Submitted by neo1piv14 on Mon, 10/20/2008 - 6:28am
People pay hundreds of dollars for an office suite that doesn't work all the time. People pay many more hundreds for an OS that crashes because of an ill thought out patch. People pay hundreds for LCD monitors that might have bad pixels, and noone shows the lack of faith in a product like they do when a free service like Google Apps goes down for a little while. Hell, at least Google was honest and open about their mess-up. Until software that you're paying for is 100%, try cutting the free stuff some slack. Remember, it could not work at all, and you'd still get your money's worth
In short, NO
Submitted by NAYRhyno on Mon, 10/20/2008 - 4:24am
Since when have you truly expected 100% uptime from your own PC? From your business servers? from ANYTHING? Outages are a fact of life in a digital world, just like fires are a fact of life in paper world. This is why backups exist.
If I can't access my apps
Submitted by Keith E. Whisman on Sun, 10/19/2008 - 9:00pm
If I can't access my apps whenever I need to then how the (insert F Bomb Here) is Cloud computing better than software that I install on my PC and can access at anytime? Your a F'ing retard to utilize Cloud Computing for anything other than bare basic crap like Email.
100% uptime absolutely
Submitted by zeringue on Sun, 10/19/2008 - 6:50pm
The google apps service free/paid versions should have 100% available uptimes. Google operates mulitple datacenters and should have numerous replicas of the same data throughout the world with along with servers serving up the same pages, when was the last time www.google.com did not open? Google obviously is not QCing its production environment and not paying enough attention the services people rely on.

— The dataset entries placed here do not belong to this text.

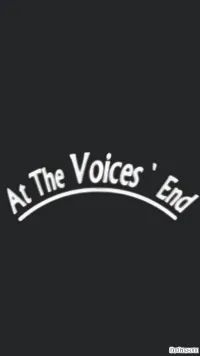 At The Voices 'End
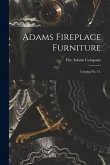 Adams Fireplace Furniture: Catalog No. 11.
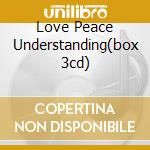 Love Peace Understanding(box 3cd) cd musicale di Curtis Mayfield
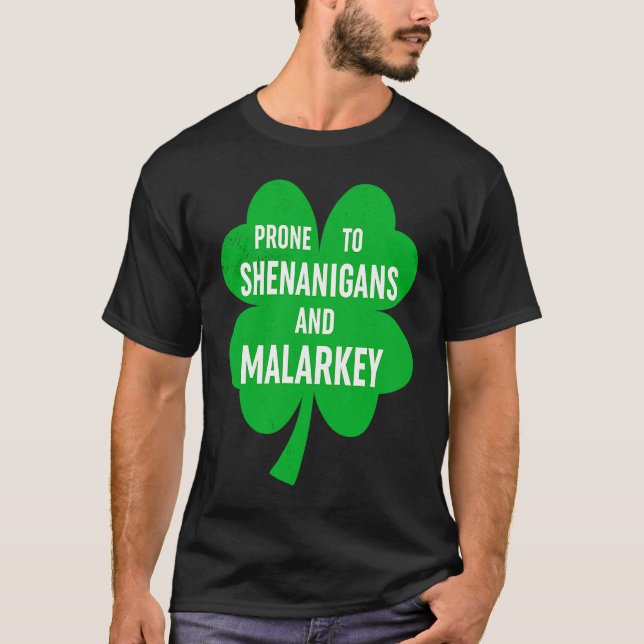 Camiseta Prone To Shenanigans And Malarkey Fun C Rua Patric (Frente)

At the very least 5 nines of uptime.
My company was considering moving to Google apps, if we did we might of suffered a 30 hour outage without service, and many hours of lost labor costs.
If you pay for the apps,
Submitted by Digital-Storm on Mon, 10/20/2008 - 2:16am
If you pay for the apps, yes, you should expect atleast 99.9% uptime. If you are just using free apps, no, you have absolutly no right to expect a 100% uptime.